_What is required_: Go through the records below and set each one down exactly, leaving out any pictures.

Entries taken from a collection
——

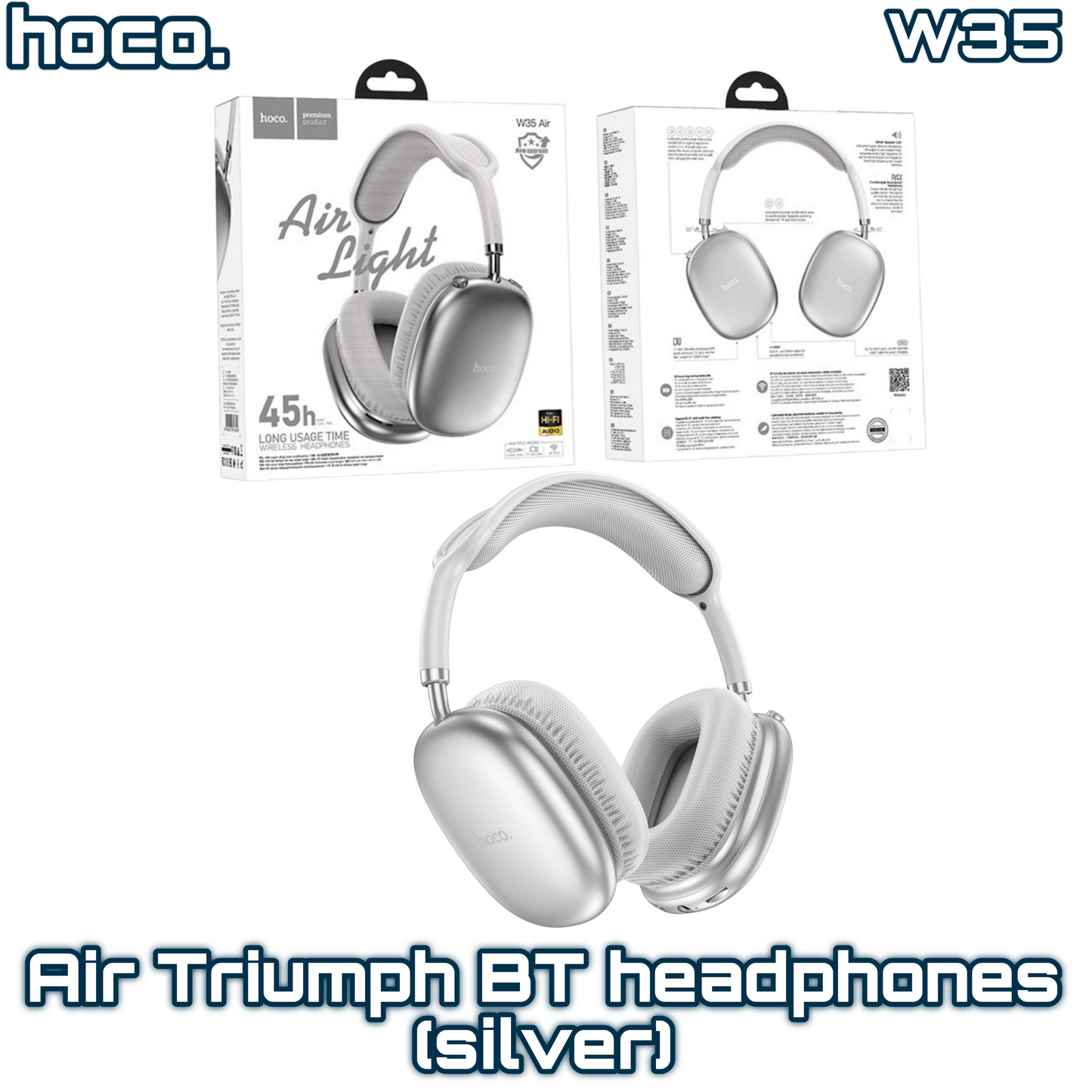 W35 Air Triumph Bluetooth Headphones – Silver, 45H Playtime, BT 5.3, TF/AUX Support | HOCO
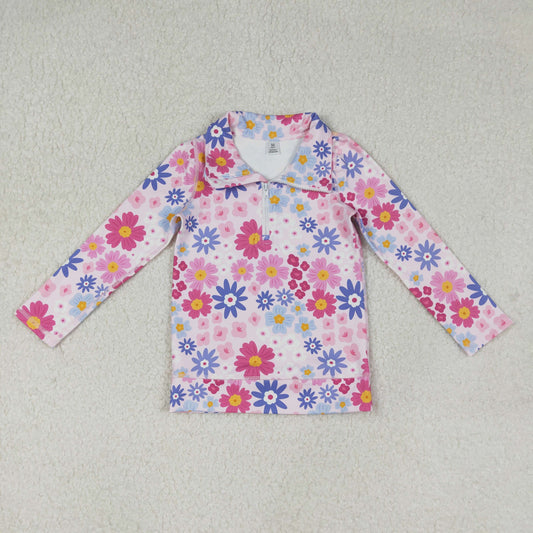GT1373 Baby Girls Daisy Flowers Long Sleeve Active Pullover Top
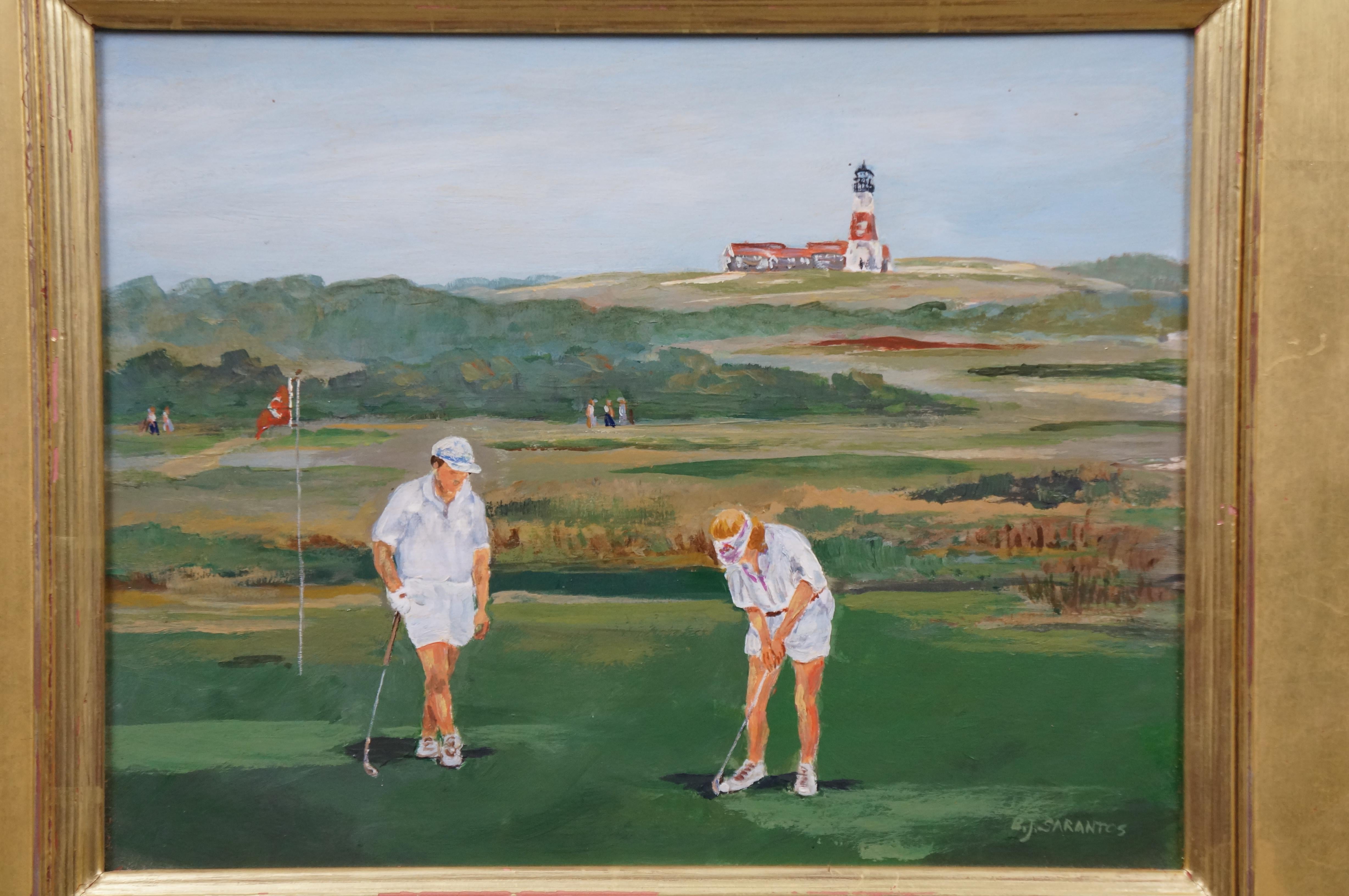 Sankaty Golf Course Nantucket, MA Öl-Landschaftsgemälde Bettie J. Sarantos (amerikanisch) im Angebot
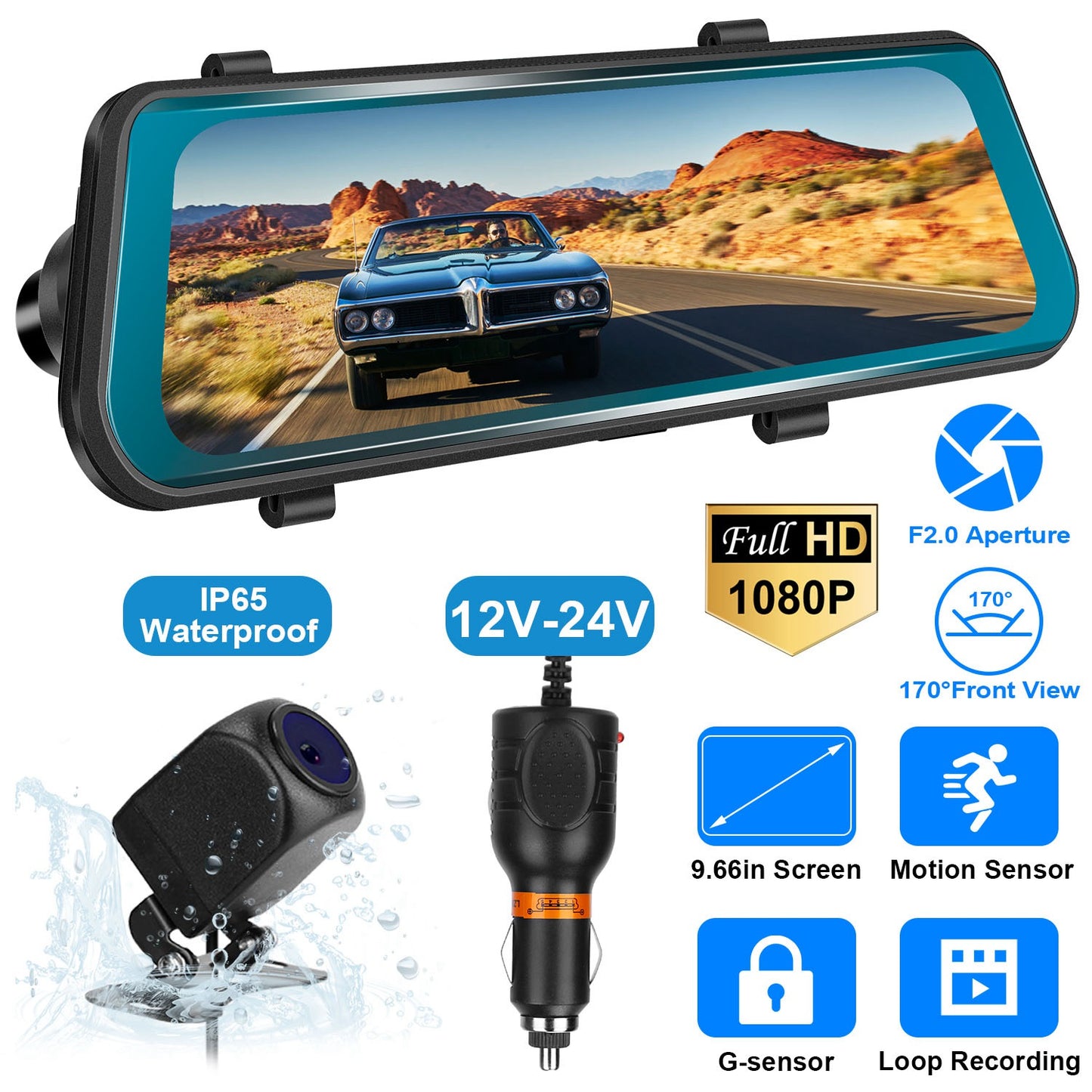 FHD 1080P Car DVR Dash Camera 9.66In Vehicle Driving Recorder w/ G Sensor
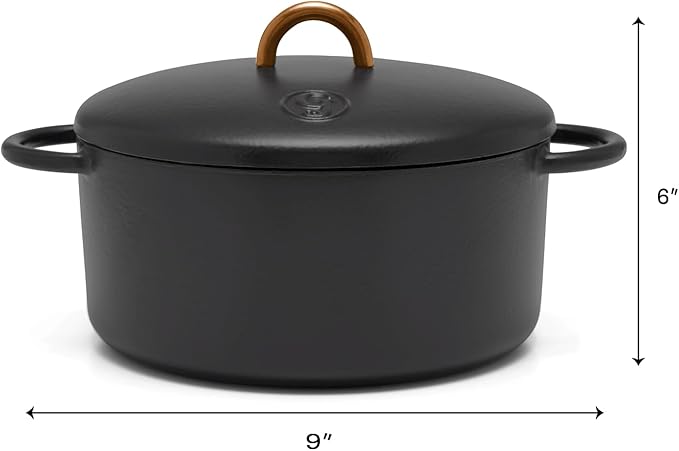 Great Jones Dutch Baby Dutch Oven with Lid (Pepper, 3.5-Quart) | Enameled Cast Iron, Round Shape | Safe for Stovetops & Ovens up to 500째F | Space-Saving & Dishwasher-Friendly | Small-Batch Cooking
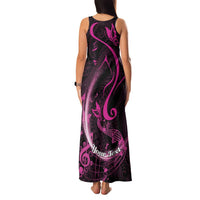Personalised Survivor Melody Pink Family Matching Tank Maxi Dress and Hawaiian Shirt Breast Cancer Polynesian Pattern LT01 - Polynesian Pride
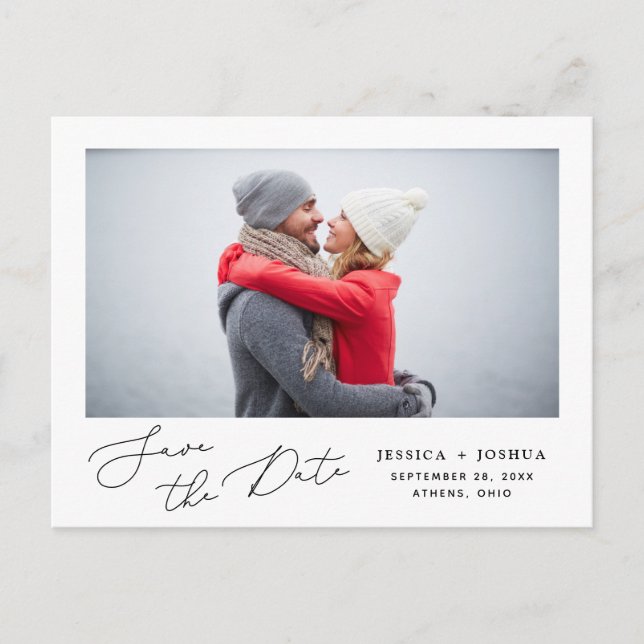 Einfaches Skript-Foto Save the Date Postkarte (Vorderseite)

——

_Written answer_:
 W35 Air Triumph Bluetooth Headphones – Silver, 45H Playtime, BT 5.3, TF/AUX Support | HOCO
GT1373 Baby Girls Daisy Flowers Long Sleeve Active Pullover Top
 Sankaty Golf Course Nantucket, MA Öl-Landschaftsgemälde Bettie J. Sarantos (amerikanisch) im Angebot
 FHD 1080P Car DVR Dash Camera 9.66In Vehicle Driving Recorder w/ G Sensor
 Great Jones Dutch Baby Dutch Oven with Lid (Pepper, 3.5-Quart) | Enameled Cast Iron, Round Shape | Safe for Stovetops & Ovens up to 500째F | Space-Saving & Dishwasher-Friendly | Small-Batch Cooking
Personalised Survivor Melody Pink Family Matching Tank Maxi Dress and Hawaiian Shirt Breast Cancer Polynesian Pattern LT01 - Polynesian Pride
 Einfaches Skript-Foto Save the Date Postkarte (Vorderseite)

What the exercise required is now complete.